Robert D. "Bob" Coble (born April 27, 1953) is a former mayor of Columbia, South Carolina. Coble has been a resident of Columbia for most of his life having graduated from Dreher High School in 1971 where he was student body president. Coble and Frannie Heizer won the 1971 South Carolina State High School Debate Championship. Coble graduated from the University of South Carolina in 1975 cum laude and the University of South Carolina School of Law in 1978 cum laude. Coble was elected to the Richland County Council in 1985 and served until 1988. Coble was elected Mayor of Columbia South Carolina in 1990 and served until 2010.  Mayor Coble was elected Mayor five times and in his last re-election in 2006 received 64% of the citywide vote.  He was succeeded as mayor by Steve Benjamin. Coble is married to Beth Coble, the daughter of former South Carolina Attorney General Daniel McLeod in 1978. They are the parents of six children and eleven grandchildren.

Tenure 
During Coble's tenure as Mayor Columbia's population grew by 27%. Downtown revitalization projects included the Gervais Streetscaping, a new Columbia Art Museum, Main Street Streetscaping, and new buildings including the Meridian and First Citizens as well as the new Sheraton on Main Street. Coble led a regional effort to develop the Three Rivers Greenway, the EdVenture Children's Museum, CanalSide, and the Columbia Convention Center. In October 2008, the city council voted in favor of Bob Coble's plan to prohibit smoking in all bars and restaurants in the City of Columbia.

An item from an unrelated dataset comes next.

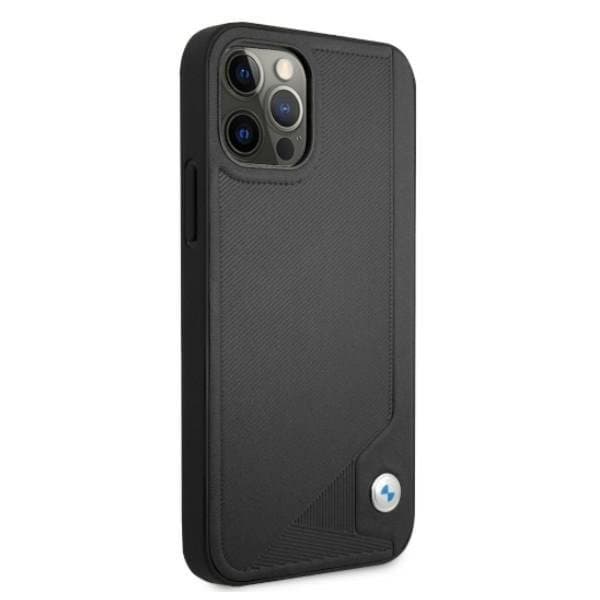 BMW Läder Deboss Skal iPhone 12 / 12 Pro - Svart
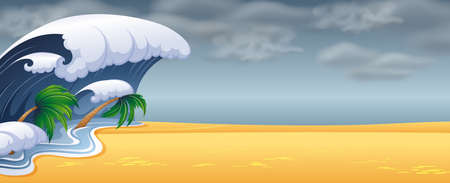 Tsunami hit the beach illustrationのイラスト素材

In 1994 Coble and Columbia business leaders brought a lawsuit to remove the Confederate Flag from the Dome of the South Carolina Statehouse. The legal action was based on the fact that in 1961 the South Carolina Legislature raised the Confederate Flag over the Statehouse by a resolution rather than by statute. The lawsuit became moot and was dropped in 1995 when the Legislature adopted a statute authorizing the flag to fly on the Dome.

Also, during Coble's time as mayor, Columbia established sister city relationships with Kaiserslautern, Germany; Cluj-Napoca, Romania; Plovdiv, Bulgaria; Chelyabinsk, Russia; and Yibin, in the Sichuan Province, China. Coble led delegations from Columbia to visit those cities with the most active relationship being with Kaiserslautern. Coble also led a number of economic development missions to Germany and Europe and to Chengdu and China.

Accolades 
Coble received numerous awards including the Ambassador of the Year 2004 by the Greater Columbia Chamber of Commerce, the Knowledge Economy Award 2007 by SCRA, the Global Vision Award 2008 by the World Affairs Council, the Woodrow Wilson Award for Leadership in Historic Preservation 2009 by Historic Columbia Foundation, The Richland One School District Hall of Fame, the Urban League 2010 Dr. Martin Luther King Legacy Award, and Order of the Palmetto by Governor Mark Sanford June 2010. In December 2010 Coble was presented with an Honorary Degree of Doctor of Laws by the University of South Carolina. In October 2014 Coble received the Harriet Hancock Ally Leadership Award from the South Carolina Equality for his work as Mayor in promoting equality issues for the LGBT community. In January 2015 Coble was awarded the Martin Luther King Social Justice Award by the University of South Carolina.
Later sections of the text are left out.